Another—I guess an “Honorable Mention” though it was an extraordinary film and, again, against type for him, was the brutal role he played in The Last Hunt (1956).
Thank you so much Linda for taking the time to give us such detailed answers!
Johnny Eager airs next Tuesday night, April 13, on TCM at 11:45 pm EST; The Last Hunt, which I really want to catch after Linda referred to it as “quite possibly, the most striking role of his entire career” in Reluctant Witness (294), airs Tuesday night, April 27 at 11:45 pm; Party Girl airs later the following morning, April 28 at 6:30 am. Unfortunately Johnny Tiger wasn’t selected for TCM’s 54 film schedule.
Once again you can find TCM’s entire Robert Taylor SOTM schedule on this page of Immortal Ephemera illustrated by vintage movie collectibles such as those shown on this page.

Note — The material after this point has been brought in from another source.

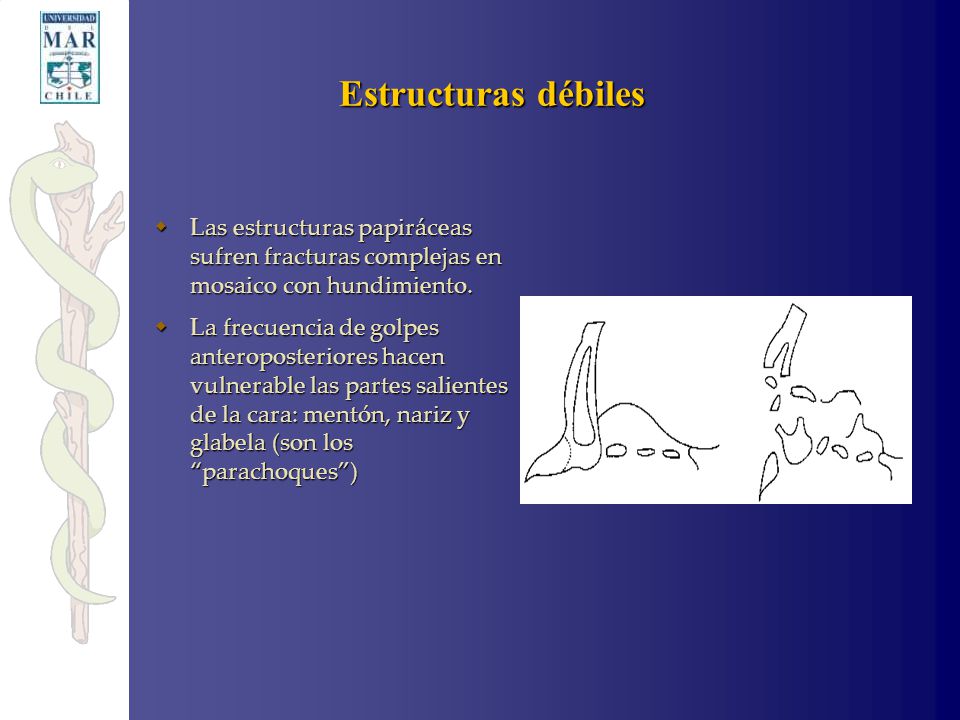 Estructuras débiles Las estructuras papiráceas sufren fracturas complejas en mosaico con hundimiento.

Earlier I’d mentioned Linda’s currently hectic schedule, here’s another recent bit of press on her from her local FrederickNewsPost.com, Local author calls actor a ‘Reluctant Witness,’ just published earlier today.
Jennythenipper says
Thanks for this Cliff. I’ll definitely check out the book. HUAC stuff has become a minor obsession for me. It was such a destructive and interesting period of our history. It’s interesting that even those who cooperated, even reluctantly, were hurt by it as well.
I watched Magnificent Obsession last night. I quite liked it, especially Taylor’s performance, though the plot is beyond hokey. I’ll be posting about it soon.